Interesting. “Did anything happen?”
“Like Sigwil overcoming his second voice?” Ella qwirked the corner of her mouth. “No. I’ve been trying to figure out why. There is definitely some power to the harmony, but nothing changed that I could see.”
Tai struck his resonance. “Want to try again?”
“Yes,” she said, eyes brightening. She was so passionate about it. Tai cared because it meant the city’s defense, but Ella cared just for the thing itself, the knowledge. He admired that passion.
She struck her resonance, a high-pitched hum, almost like a widowslark holding a single note, adding to the buzz of his bones. Ella didn’t zip away, like timeslips usually did, but the edges of her body blurred, moving too fast for his eyes to follow.
He felt the pitch of her resonance raise and lower as she did, with occasional jolts, like the shock of jumping into cold water, or the hum in his bones striking suddenly into his marrow.
She snapped back to normal speed, looking tired.
“Wow. I definitely felt something. Though—nothing seemed to happen.”
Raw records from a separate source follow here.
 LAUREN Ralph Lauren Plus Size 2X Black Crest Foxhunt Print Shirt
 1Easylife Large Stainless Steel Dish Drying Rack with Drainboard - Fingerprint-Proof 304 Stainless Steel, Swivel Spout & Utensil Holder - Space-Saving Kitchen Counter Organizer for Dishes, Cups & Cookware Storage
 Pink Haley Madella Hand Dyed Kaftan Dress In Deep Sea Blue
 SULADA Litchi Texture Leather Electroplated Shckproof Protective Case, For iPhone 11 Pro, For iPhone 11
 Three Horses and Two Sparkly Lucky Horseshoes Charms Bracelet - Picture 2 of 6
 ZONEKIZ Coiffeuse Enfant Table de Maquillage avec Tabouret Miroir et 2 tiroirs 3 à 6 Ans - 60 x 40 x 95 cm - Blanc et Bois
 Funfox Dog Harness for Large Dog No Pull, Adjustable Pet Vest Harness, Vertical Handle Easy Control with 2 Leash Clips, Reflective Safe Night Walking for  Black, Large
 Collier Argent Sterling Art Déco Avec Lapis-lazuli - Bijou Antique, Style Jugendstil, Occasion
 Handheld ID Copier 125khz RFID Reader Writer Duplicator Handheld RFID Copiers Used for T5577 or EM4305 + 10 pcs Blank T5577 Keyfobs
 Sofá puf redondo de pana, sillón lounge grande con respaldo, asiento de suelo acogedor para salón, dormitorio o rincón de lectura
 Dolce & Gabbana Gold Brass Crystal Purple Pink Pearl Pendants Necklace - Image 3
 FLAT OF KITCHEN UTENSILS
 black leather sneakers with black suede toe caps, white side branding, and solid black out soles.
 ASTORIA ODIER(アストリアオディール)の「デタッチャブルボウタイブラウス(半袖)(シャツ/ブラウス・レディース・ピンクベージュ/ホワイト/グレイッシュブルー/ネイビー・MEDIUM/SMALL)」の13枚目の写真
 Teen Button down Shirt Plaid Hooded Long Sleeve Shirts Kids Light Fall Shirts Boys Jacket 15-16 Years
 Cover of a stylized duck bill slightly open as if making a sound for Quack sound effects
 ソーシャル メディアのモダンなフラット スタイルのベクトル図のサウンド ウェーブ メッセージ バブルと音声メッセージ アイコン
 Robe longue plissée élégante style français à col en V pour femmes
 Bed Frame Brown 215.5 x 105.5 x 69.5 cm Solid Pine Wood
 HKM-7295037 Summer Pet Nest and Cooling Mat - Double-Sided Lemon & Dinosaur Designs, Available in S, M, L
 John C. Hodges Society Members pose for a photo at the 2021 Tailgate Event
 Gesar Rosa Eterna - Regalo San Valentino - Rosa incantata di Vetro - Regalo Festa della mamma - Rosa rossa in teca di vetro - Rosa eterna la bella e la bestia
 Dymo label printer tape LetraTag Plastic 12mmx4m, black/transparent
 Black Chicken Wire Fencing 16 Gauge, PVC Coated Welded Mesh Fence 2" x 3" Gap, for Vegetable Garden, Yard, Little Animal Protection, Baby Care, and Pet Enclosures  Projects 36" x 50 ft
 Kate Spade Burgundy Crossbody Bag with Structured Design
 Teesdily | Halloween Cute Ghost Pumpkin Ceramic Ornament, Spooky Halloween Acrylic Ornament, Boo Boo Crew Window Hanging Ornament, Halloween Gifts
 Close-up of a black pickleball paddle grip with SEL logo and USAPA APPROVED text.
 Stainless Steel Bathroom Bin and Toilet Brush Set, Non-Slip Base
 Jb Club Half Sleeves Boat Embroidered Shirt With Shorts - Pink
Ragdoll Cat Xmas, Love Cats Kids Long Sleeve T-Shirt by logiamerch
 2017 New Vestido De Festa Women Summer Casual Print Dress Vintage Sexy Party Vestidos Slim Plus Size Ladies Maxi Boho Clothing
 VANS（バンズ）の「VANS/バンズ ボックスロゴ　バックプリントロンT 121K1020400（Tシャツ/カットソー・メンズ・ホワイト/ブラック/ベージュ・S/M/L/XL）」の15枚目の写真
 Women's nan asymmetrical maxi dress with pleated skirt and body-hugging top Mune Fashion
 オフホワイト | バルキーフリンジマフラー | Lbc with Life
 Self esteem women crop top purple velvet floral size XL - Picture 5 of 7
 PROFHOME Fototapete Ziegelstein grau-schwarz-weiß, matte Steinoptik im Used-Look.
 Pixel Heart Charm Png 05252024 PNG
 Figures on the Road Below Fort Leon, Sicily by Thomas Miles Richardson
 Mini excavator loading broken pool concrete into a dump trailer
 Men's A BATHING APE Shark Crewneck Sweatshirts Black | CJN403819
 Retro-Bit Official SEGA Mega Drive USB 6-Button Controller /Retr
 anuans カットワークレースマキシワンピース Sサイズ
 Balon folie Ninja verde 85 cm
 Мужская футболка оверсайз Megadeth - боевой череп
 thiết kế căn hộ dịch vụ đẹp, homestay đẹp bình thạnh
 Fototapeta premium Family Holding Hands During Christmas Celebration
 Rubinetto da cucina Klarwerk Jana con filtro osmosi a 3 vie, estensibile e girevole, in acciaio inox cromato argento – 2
“I was having trouble matching you. Your resonance is so strong the pitch seems to move. Sigwil’s I could hone in on, like I was tuning a string, but I had to keep chasing yours.”
Tai frowned. “I guess I’ve never thought about trying to hold it at one tone.”
“For me it’s about intensity. The deeper I slip, the lower everyone else’s resonance sounds, so the higher mine must sound.”